Remember that vulnerability in the SS7 inter-carrier network that lets hackers and spies track your cellphone virtually anywhere in the world? It's worse than you might have thought. Researchers speaking to Australia's 60 Minutes have demonstrated that it's possible for anyone to intercept phone calls and text messages through that same network. So long as the attackers have access to an SS7 portal, they can forward your conversations to an online recording device and reroute the call to its intended destination. This helps anyone bent on surveillance, of course, but it also means that a well-equipped criminal could grab your verification messages (such as the kind used in two-factor authentication) and use them before you've even seen them.
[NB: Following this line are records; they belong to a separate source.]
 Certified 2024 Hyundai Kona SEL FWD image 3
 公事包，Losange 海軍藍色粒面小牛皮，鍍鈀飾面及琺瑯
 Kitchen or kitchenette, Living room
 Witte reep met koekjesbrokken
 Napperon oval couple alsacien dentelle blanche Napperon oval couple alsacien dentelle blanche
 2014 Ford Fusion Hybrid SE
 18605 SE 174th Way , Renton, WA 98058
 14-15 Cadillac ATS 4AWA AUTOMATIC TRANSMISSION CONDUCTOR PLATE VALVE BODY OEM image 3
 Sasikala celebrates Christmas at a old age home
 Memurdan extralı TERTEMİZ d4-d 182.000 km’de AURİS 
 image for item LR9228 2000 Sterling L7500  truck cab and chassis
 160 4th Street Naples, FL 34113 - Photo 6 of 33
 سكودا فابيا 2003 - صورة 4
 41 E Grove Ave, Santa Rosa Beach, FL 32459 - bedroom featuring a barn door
The team in the report had the luxury of legal access to SS7, since it's helping to safeguard German networks against espionage. It's potentially harder for someone to hijack the portals on their own. However, there's a concern that those carriers which have access are illegally renting it out to third parties with less than honorable intentions. And to no one's surprise, some intelligence outfits and security software developers (like the US' National Security Agency or Verint) have permission. It's likely that SS7 tricks have been used to monitor phone activity for years, and not just by relatively above-board governments hoping to catch crooks.
You'll be happy to hear that some countries, including Australia and Germany, are getting carriers to tighten security. There's a worry that they're not moving as quickly as they can, though, as police and spy agencies are rarely thrilled by the prospect of losing easy ways to track suspects. While the likelihood of your becoming the victim of an SS7-based attack is low, it could be a long while before the odds drop to zero.